ACTIVITY: Return each line of the data below that contains the string "Devant".

INPUT DATA:
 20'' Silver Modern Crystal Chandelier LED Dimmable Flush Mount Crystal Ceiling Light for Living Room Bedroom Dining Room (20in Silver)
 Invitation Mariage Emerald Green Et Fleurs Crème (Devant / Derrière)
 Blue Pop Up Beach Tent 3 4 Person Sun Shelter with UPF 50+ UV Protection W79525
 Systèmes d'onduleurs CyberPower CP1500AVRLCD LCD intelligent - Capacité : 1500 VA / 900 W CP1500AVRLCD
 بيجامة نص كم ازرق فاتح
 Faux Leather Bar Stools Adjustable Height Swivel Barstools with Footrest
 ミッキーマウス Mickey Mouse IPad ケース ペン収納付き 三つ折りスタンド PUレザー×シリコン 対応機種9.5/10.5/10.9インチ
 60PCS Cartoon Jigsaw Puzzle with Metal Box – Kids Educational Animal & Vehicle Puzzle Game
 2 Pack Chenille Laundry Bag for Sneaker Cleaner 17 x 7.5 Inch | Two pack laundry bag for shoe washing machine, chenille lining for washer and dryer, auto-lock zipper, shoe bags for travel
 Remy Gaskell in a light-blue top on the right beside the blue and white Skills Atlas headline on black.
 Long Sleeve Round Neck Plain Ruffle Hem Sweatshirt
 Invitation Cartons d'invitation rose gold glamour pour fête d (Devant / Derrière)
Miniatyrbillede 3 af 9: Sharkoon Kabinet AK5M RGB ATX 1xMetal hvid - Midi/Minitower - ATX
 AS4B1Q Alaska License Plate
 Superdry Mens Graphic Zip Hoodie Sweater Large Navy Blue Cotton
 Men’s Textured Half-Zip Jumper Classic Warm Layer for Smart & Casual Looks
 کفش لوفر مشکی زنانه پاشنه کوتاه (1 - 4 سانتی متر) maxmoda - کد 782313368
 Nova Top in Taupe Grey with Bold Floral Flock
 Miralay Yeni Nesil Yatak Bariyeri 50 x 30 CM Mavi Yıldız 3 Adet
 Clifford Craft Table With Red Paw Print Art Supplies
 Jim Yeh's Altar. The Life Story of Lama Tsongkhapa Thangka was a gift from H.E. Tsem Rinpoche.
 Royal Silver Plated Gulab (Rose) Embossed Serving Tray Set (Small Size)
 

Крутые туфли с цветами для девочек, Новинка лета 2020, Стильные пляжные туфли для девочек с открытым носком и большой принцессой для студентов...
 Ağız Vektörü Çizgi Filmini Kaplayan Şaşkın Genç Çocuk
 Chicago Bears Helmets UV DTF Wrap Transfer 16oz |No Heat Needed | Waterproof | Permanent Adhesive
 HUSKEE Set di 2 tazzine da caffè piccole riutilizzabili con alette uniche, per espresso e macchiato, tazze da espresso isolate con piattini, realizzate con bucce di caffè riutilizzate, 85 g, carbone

RESULT:
 Invitation Mariage Emerald Green Et Fleurs Crème (Devant / Derrière)
 Invitation Cartons d'invitation rose gold glamour pour fête d (Devant / Derrière)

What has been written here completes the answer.